Data to use
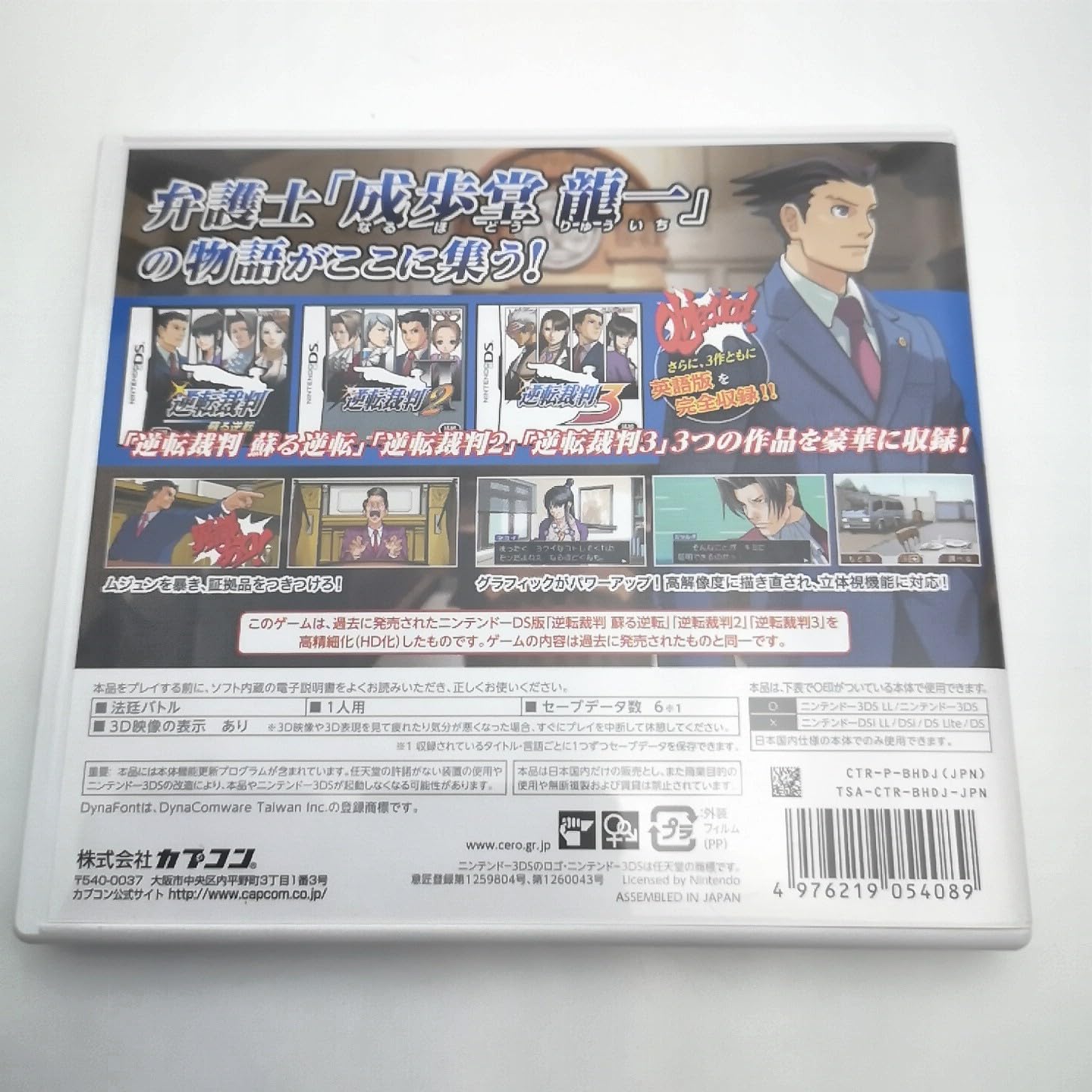 Amazon.co.jp: 逆転裁判123 成歩堂セレクション - 3DS : ゲーム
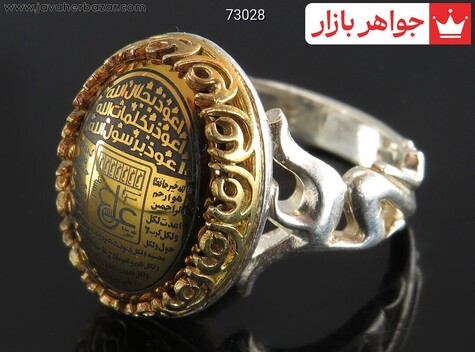 عکس انگشتر حکاکی خطی مذهبی مردانه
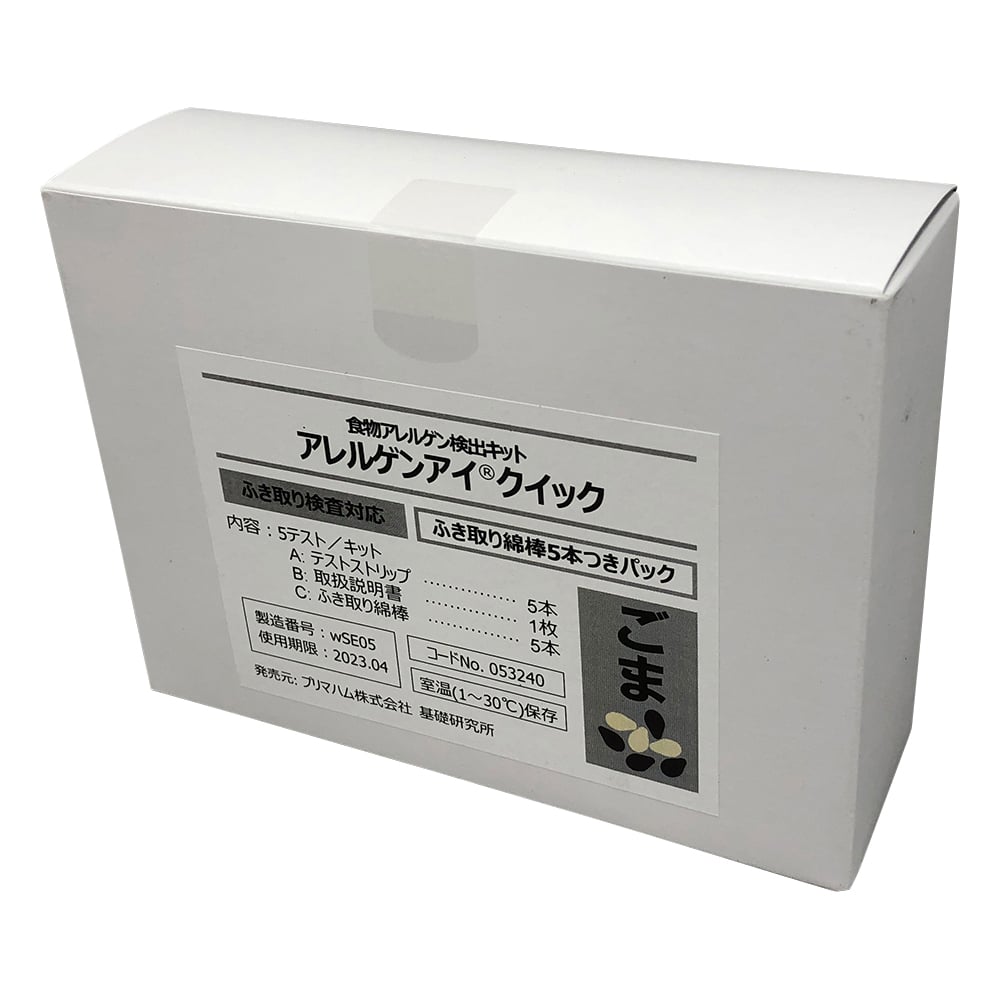 Allergen Eye(R) Quick Sesame Swab Test Pack of 5 Food Allergen Testing Swabs 1 Box (5 Uses) 053240 1 Box (5 Uses)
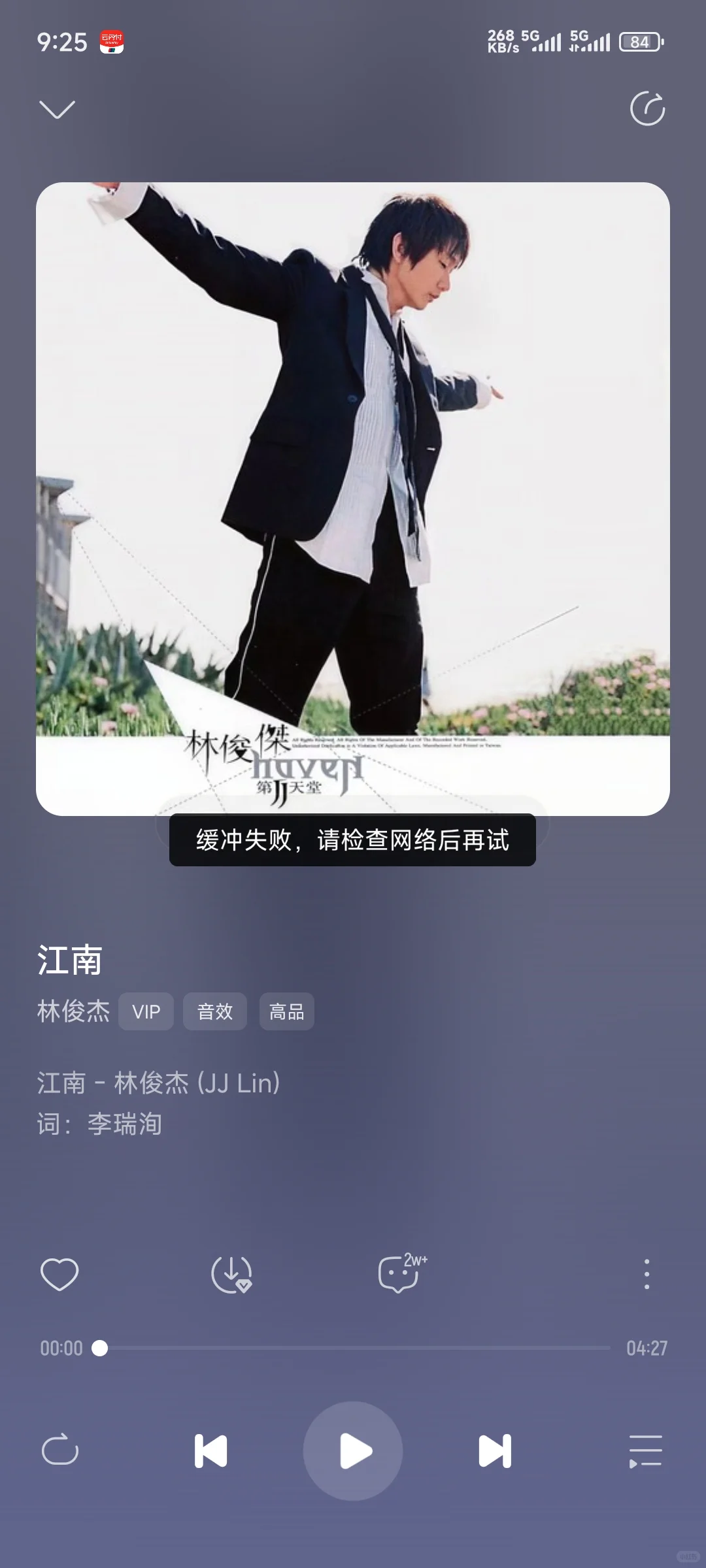 关于我分币没花，白嫖永久音月软件会员…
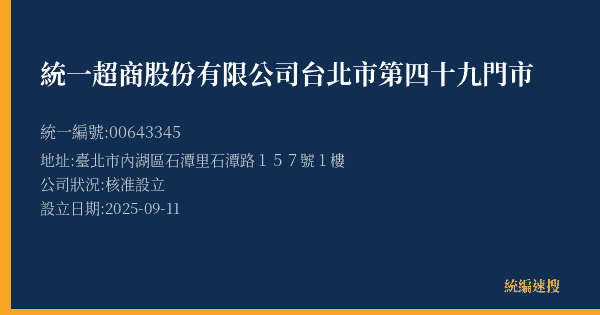統一超商股份有限公司台北市第四十九門市的照片-統編 00643345(臺北市) 公司登記資料與營業項目詳細圖表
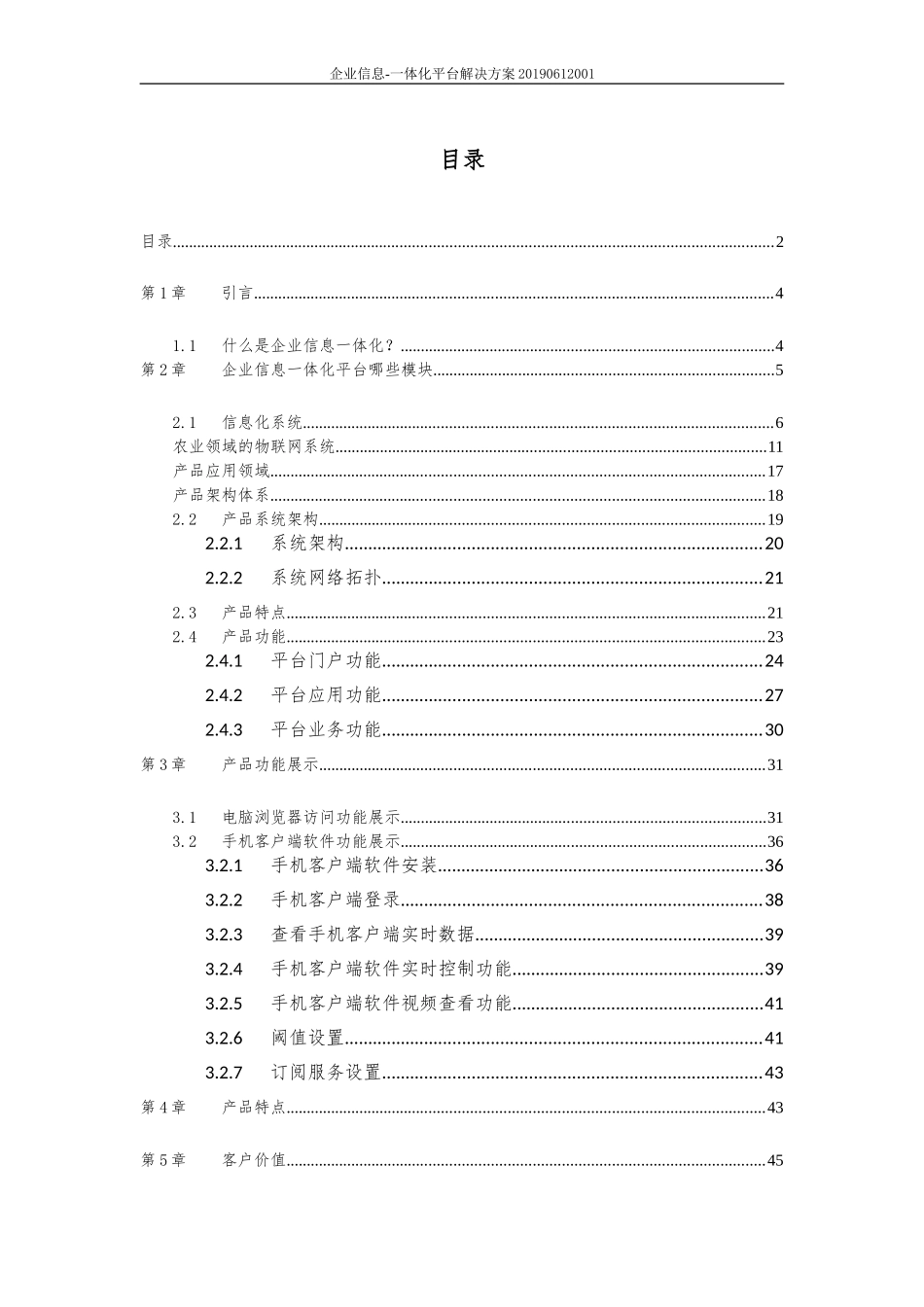 2024年企业信息-一体化平台解决方案_第2页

Problem description
Your task is a word-for-word transcription of the entries, leaving out all pictures.

Exercise solution
 Amazon.co.jp: 逆転裁判123 成歩堂セレクション - 3DS : ゲーム
 عکس انگشتر حکاکی خطی مذهبی مردانه
 Allergen Eye(R) Quick Sesame Swab Test Pack of 5 Food Allergen Testing Swabs 1 Box (5 Uses) 053240 1 Box (5 Uses)
 关于我分币没花，白嫖永久音月软件会员…
統一超商股份有限公司台北市第四十九門市的照片-統編 00643345(臺北市) 公司登記資料與營業項目詳細圖表
 2024年企业信息-一体化平台解决方案_第2页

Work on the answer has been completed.